The underbelly of surveillance capitalism
Unfortunately, the new market in human behaviour and prediction is not interested in advancing the human condition. Nor is it about making society a better place based on peace and good will. The immense power of AI machine factories are not designed to promote the betterment of humanity. Surveillance capitalism simply exists to make a profit. Directed by large IT corporations, our personal data is being exploited to make big dollars.
Surveillance capitalism is rapidly evolving. Under the right conditions, it is likely to go beyond the scope of collecting and predicting purchasing habits fro the sake of generating huge profits. Collecting and analysing social, psychological, economic and political data is the next step. The Cambridge Analytica scandal clearly highlighted how private business harvested personal information, which was used to build psychological profiles that were analysed and later deployed in political campaigns. Such an example highlights how manufacturing consent and manipulating support for a political party or a political ideology is a very plausible next step for surveillance capitalism.
Collective action
For twenty years, large IT corporations have been taking our intimate data for free. Dodging privacy laws and bypassing our awareness, IT companies have been exploiting our intimate data and our most private information simply to turn a buck. While they collect mountains of personal information on each and everyone of us, the public knows very little about the tech giants.
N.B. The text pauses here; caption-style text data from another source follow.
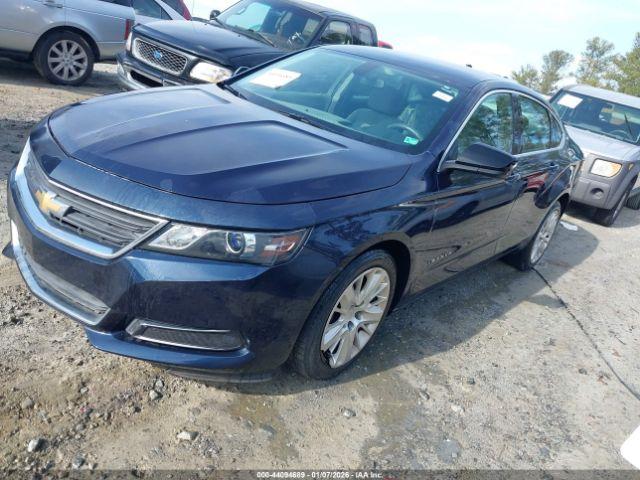 Chevrolet Impala Ls Image 8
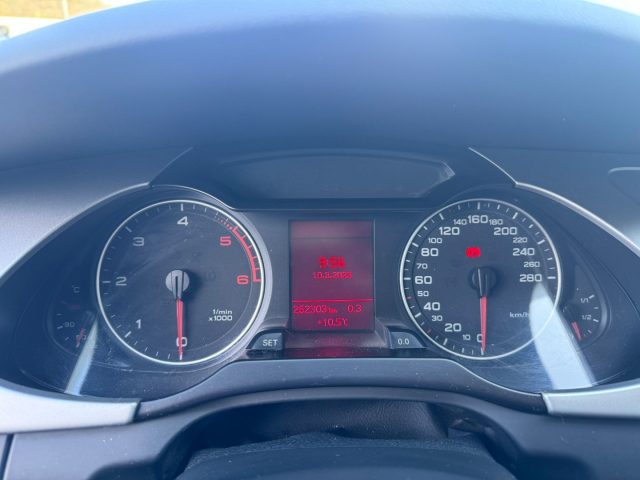 AUDI A4 usata, con Climatizzatore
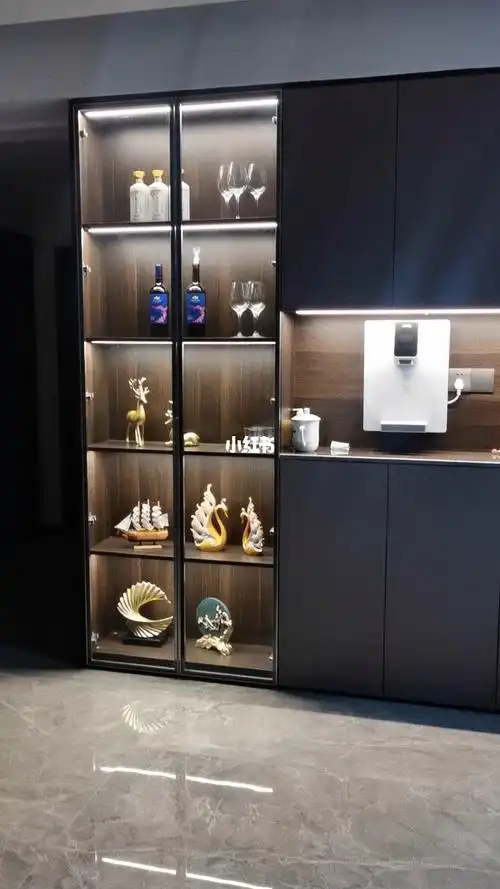 仁豪家居酒柜灯光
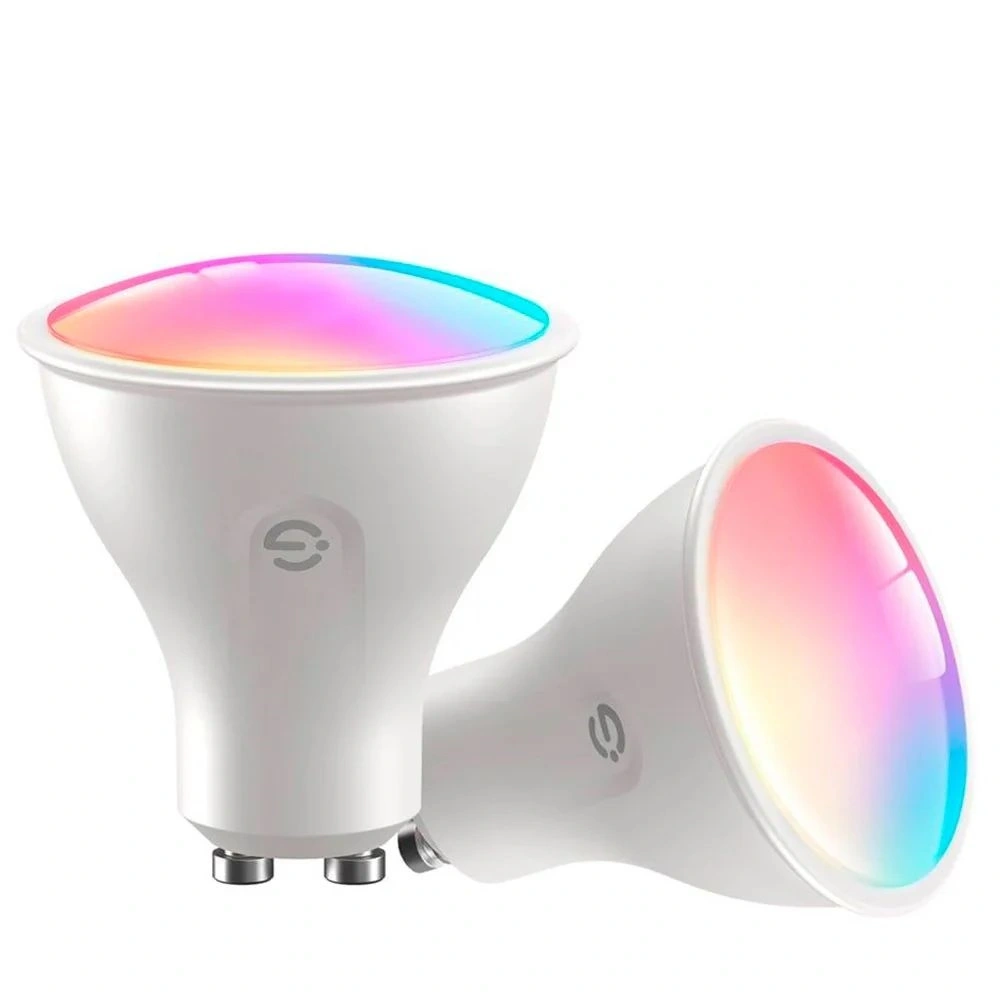 Govee GOVB600D GU10 Wifi&BLE RGBWW 400lm izzó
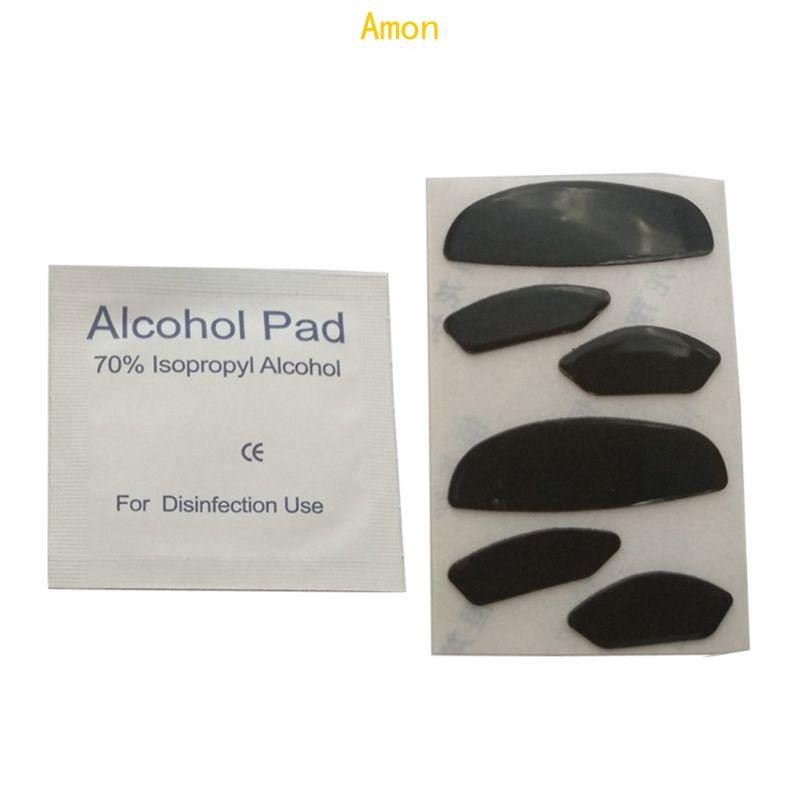 2Pcs 0.6mm Thickness Replace Mouse Feet Mouse Skates For   310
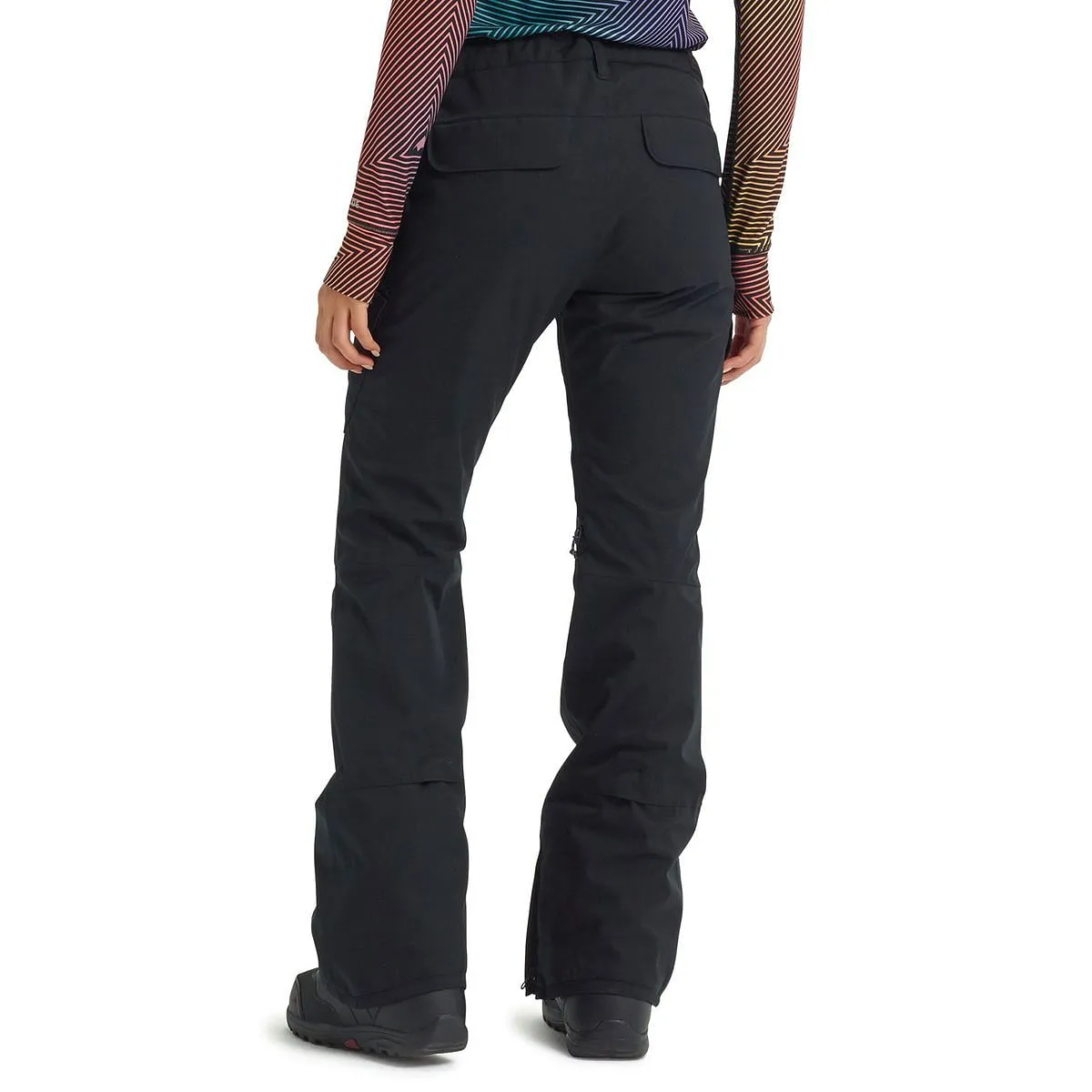      BURTON PANTALONI GLORIA DONNA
Moreover, the public has little insight into the collection, analysis and trading of our intimate data.
Like all markets, surveillance capitalism knows no limits, nor does it have ethical boundaries. Through surveillance capitalism, business has demonstrated its willingness to turn towards the collection and analysis of social, economic and political data. The implications of this are potentially menacing. Predicting the behaviour of groups and remotely controlling people through digital devices places surveillance capitalism on a collision course with democracy. Through the advances in technology wielded by large corporations, the act of blurring freedom of choice with manufacturing choice can only be reversed by collective action.